Cut a pie pumpkin in half lengthwise, then scoop out all of the seeds. Place the cut side down on a baking sheet as shown. Bake pumpkin for 1 hour.
When pumpkins are ready, let them cool to the point where you can touch them, then peel off all the skin.
Add 2 cups of the roasted pumpkin to a food processor along with granulated sugar, brown sugar, ginger, cinnamon, cloves, nutmeg, and vanilla to a food processor and blend it for 1 minute.
Roll out your pre-made pie crust and cut out circles about 5-6 inches wide.
Place about 2 tbsp of filling on one side of the pie circle, and fold the dough over to seal it. You can crimp the edges by hand or with a fork. You can also use hand pie mold if you have them.
Place the hand pies on a baking sheet and brush with an egg wash for an extra golden brown color.

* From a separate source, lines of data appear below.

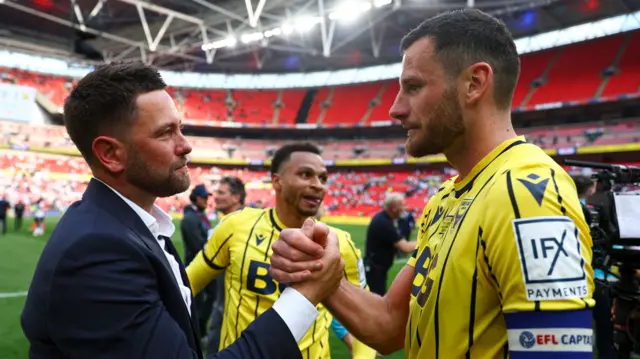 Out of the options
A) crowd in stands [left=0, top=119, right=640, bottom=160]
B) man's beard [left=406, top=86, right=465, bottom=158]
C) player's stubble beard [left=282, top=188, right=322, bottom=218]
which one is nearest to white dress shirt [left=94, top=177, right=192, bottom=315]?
man's beard [left=406, top=86, right=465, bottom=158]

Bake the pumpkin hand pies for 28-32. Leave to cool slightly, then serve! You can even put a dusting of icing sugar on top for an extra sweet bite.
Notes
Pie pumpkins or sugar pie pumpkins are sweeter and richer in flavor than carving pumpkins, making them perfect for pie filling. If you did want to make a substitution, use one 15-ounce can of pumpkin puree.Make your own pumpkin pie spice by mixing together cloves, ginger, cinnamon, and nutmeg.Use a pie crust from the frozen aisle of the grocery store. My preference is to get some from my local bakery... you may be lucky that they sell it!You can leave out the egg or substitute it with vegan butter if you want to keep it vegan. It won't get golden brown, but will still be delicious.